EXERCISE INSTRUCTIONS. The line containing "USB C To HDMI" marks the start. Restate it and every following line through the end of the records exactly, and nothing else, leaving out the pictures.

GIVEN INFORMATION.
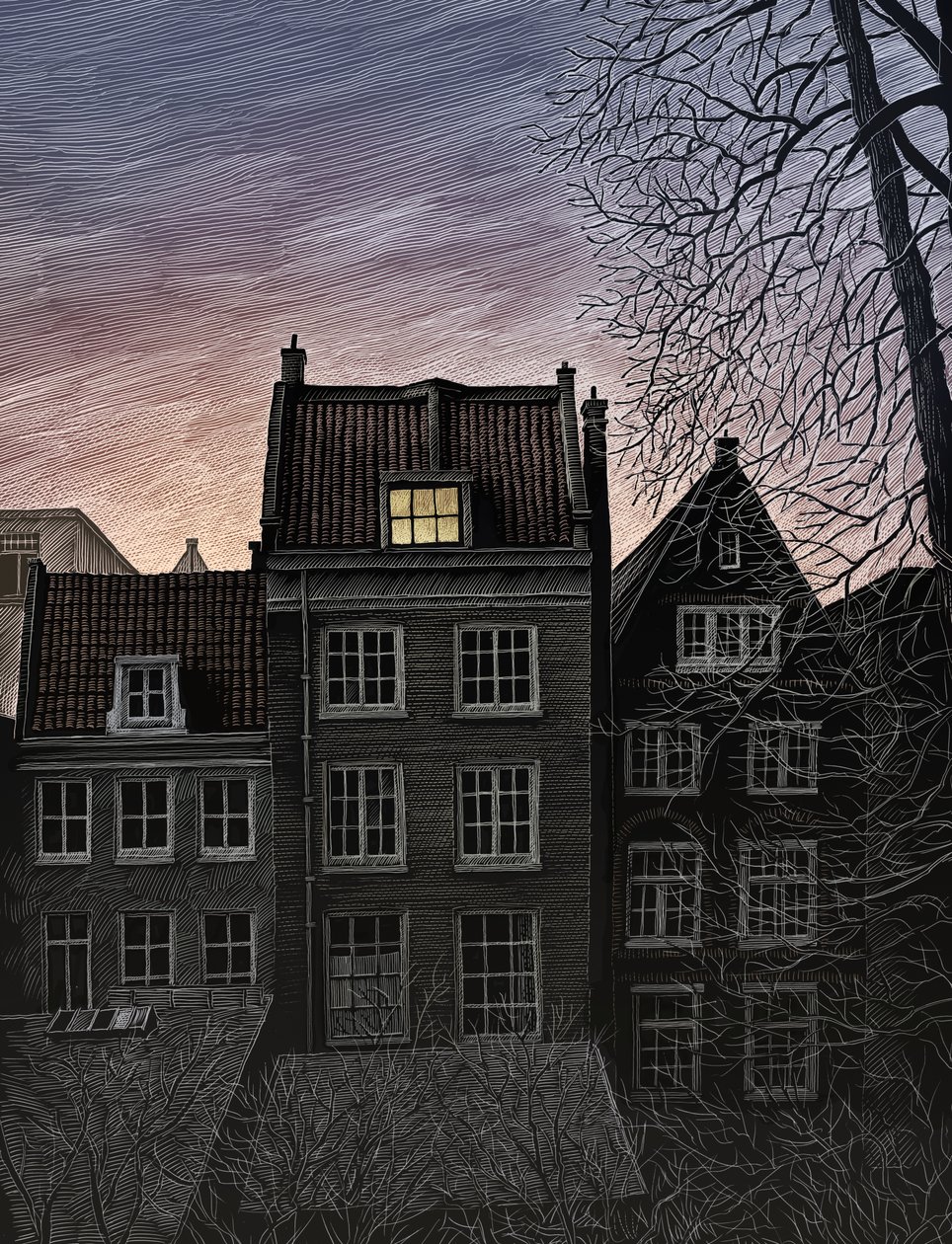 Anne Frankin päiväkirja, 2015 (raaputusalusta, väritetty digitaalisesti) tekijältä Scott McKowen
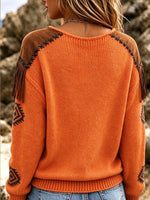 Western Desert Skull Jacquard Knit Pullover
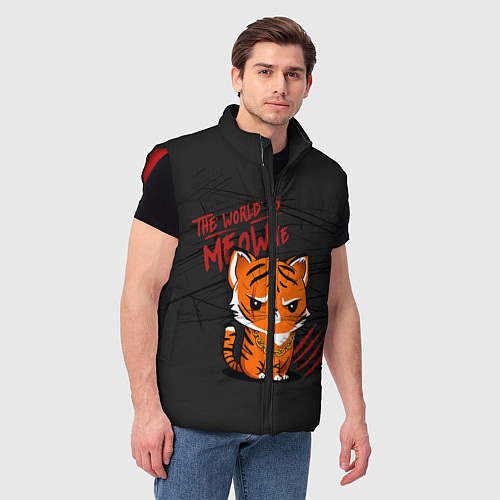 Мужской жилет ГОД ТИГРА 2022 THE YEAR OF THE TIGER 2022 / 3D-Красный – фото 3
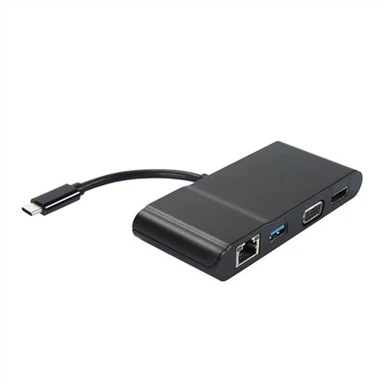 USB C To HDMI VGA USB A and RJ45 Multiport Adapter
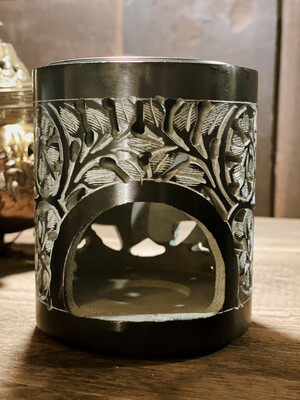 Encensoir noir à bougie (sans charbon) à volutes sculpté avec grille et soucoupe pour liquides
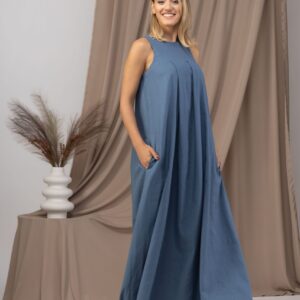 Elegantes Slate Blue Lässiges Linen Maxikleid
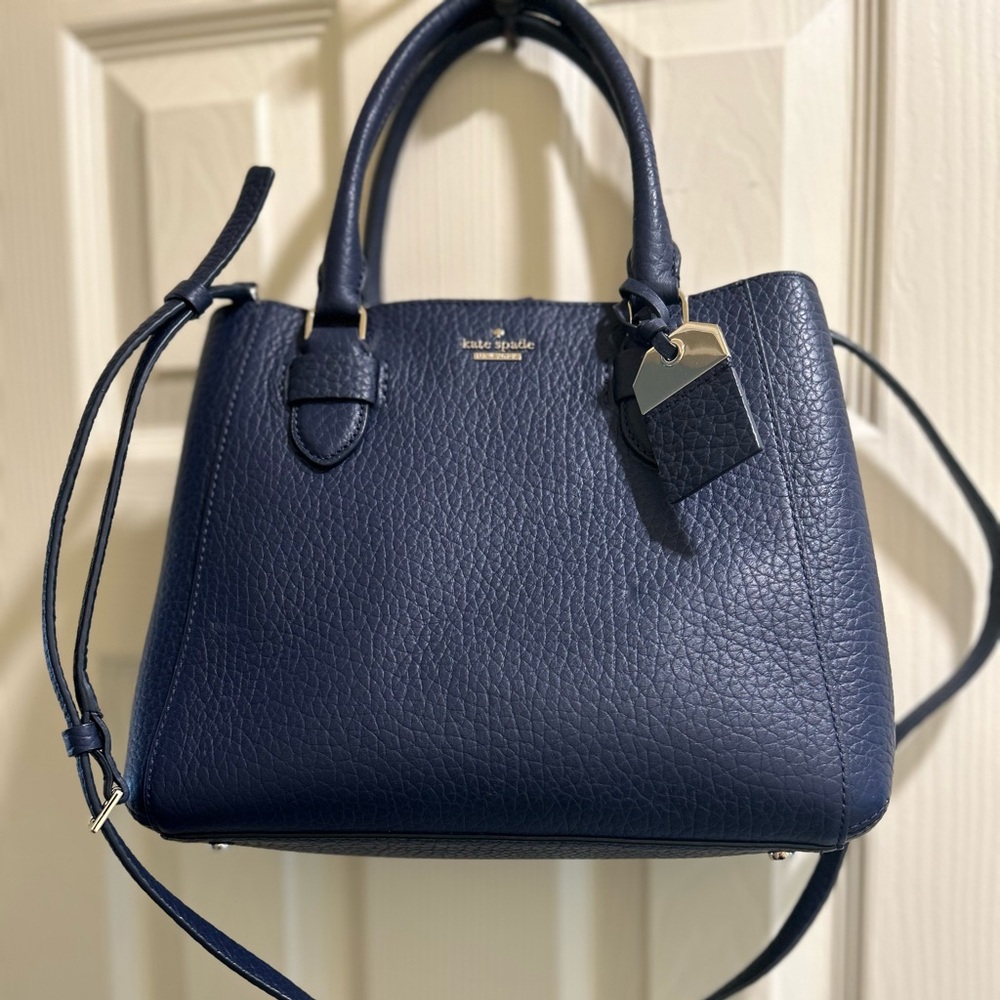 Kate Spade Midnight Blue Textured Satchel
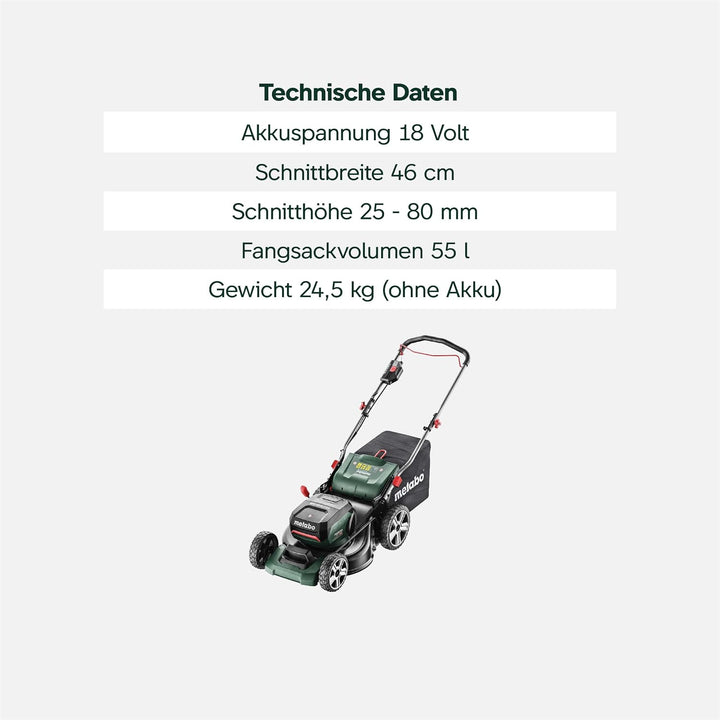 Metabo Akku-Rasenmäher mit Mulchfunktion RM 36-18 LTX BL 46 (601606650) für grosse Flächen im Garten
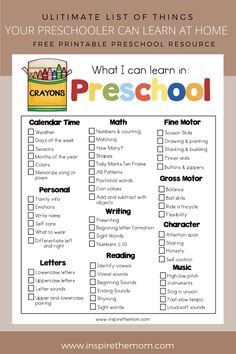 the ultimate homeschool checklist for preschool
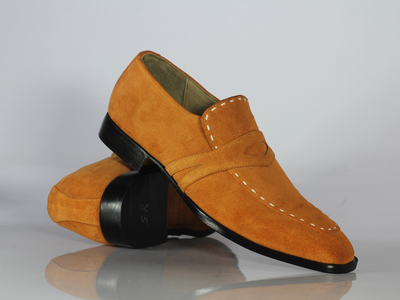Men's Tan Shoes, Men's Penny Loafers Suede Shoes.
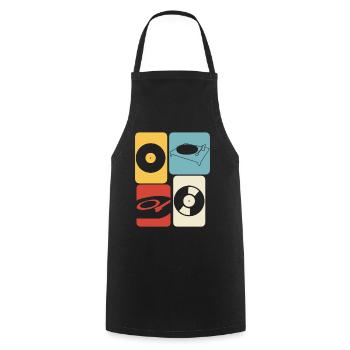 Schallplatte Retro Plattenspieler - Kochschürze - Schwarz - Vorne - AI Model Male 185 dark (185cm)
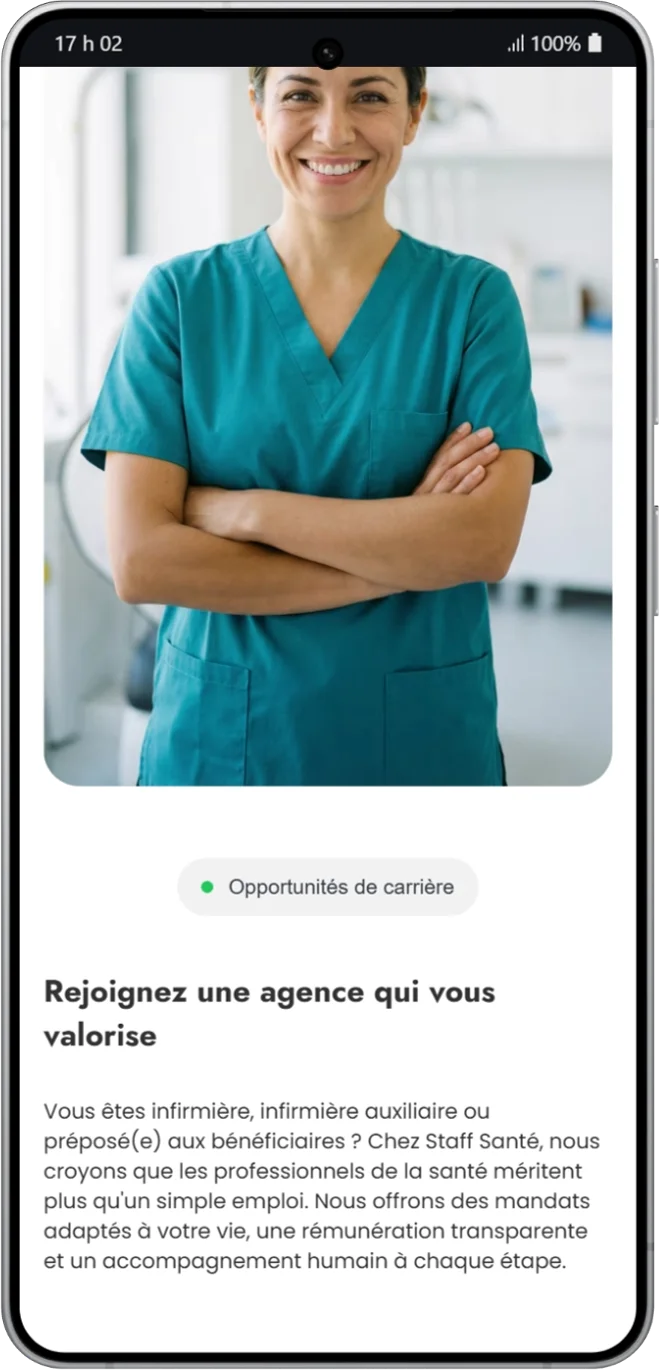 Site Staff Santé sur téléphone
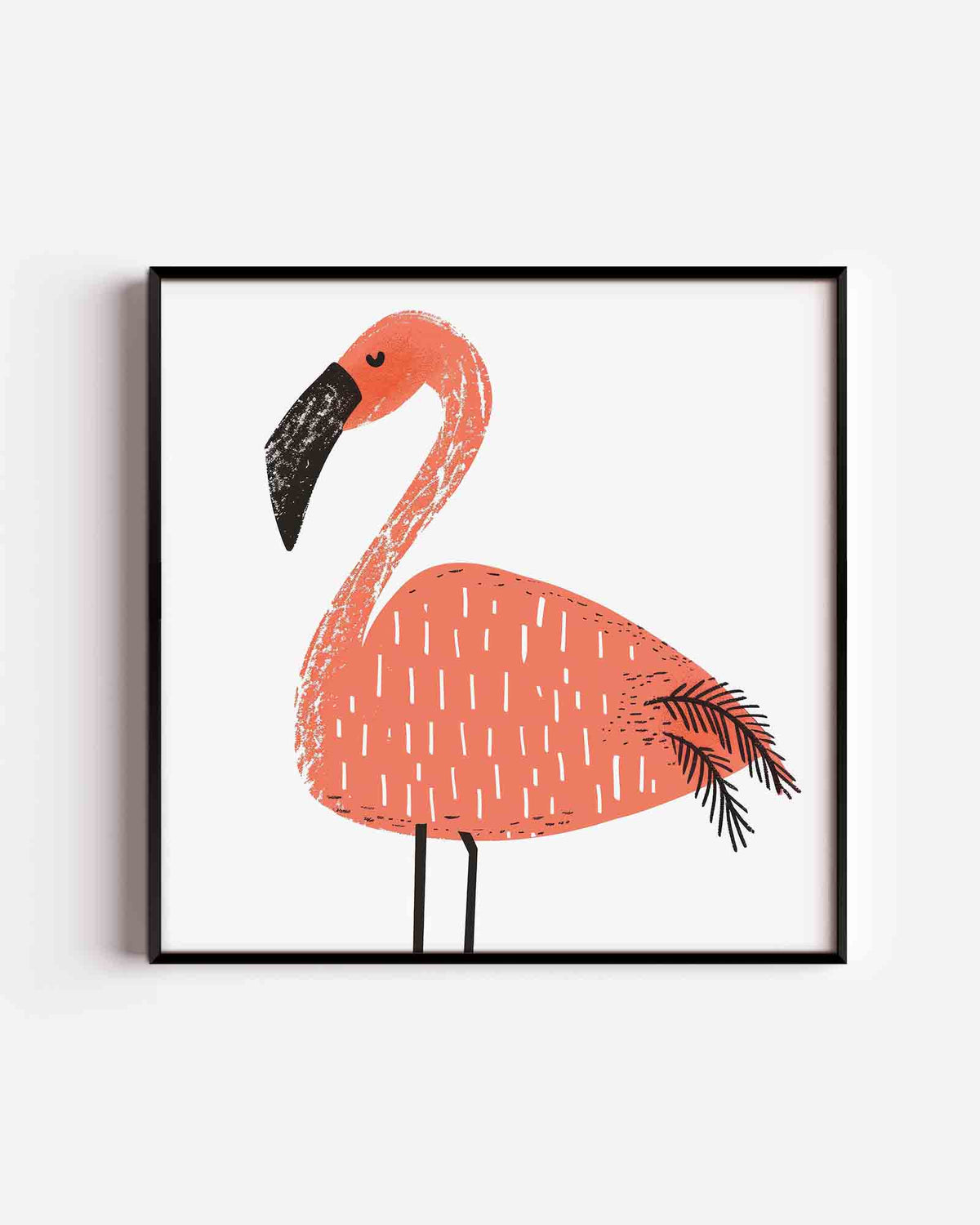 Flamingo illustratie – vierkante kinderposter als wanddecoratie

WRITTEN ANSWER.
 USB C To HDMI VGA USB A and RJ45 Multiport Adapter
 Encensoir noir à bougie (sans charbon) à volutes sculpté avec grille et soucoupe pour liquides
 Elegantes Slate Blue Lässiges Linen Maxikleid
 Kate Spade Midnight Blue Textured Satchel
 Metabo Akku-Rasenmäher mit Mulchfunktion RM 36-18 LTX BL 46 (601606650) für grosse Flächen im Garten
 the ultimate homeschool checklist for preschool
Men's Tan Shoes, Men's Penny Loafers Suede Shoes.
 Schallplatte Retro Plattenspieler - Kochschürze - Schwarz - Vorne - AI Model Male 185 dark (185cm)
 Site Staff Santé sur téléphone
 Flamingo illustratie – vierkante kinderposter als wanddecoratie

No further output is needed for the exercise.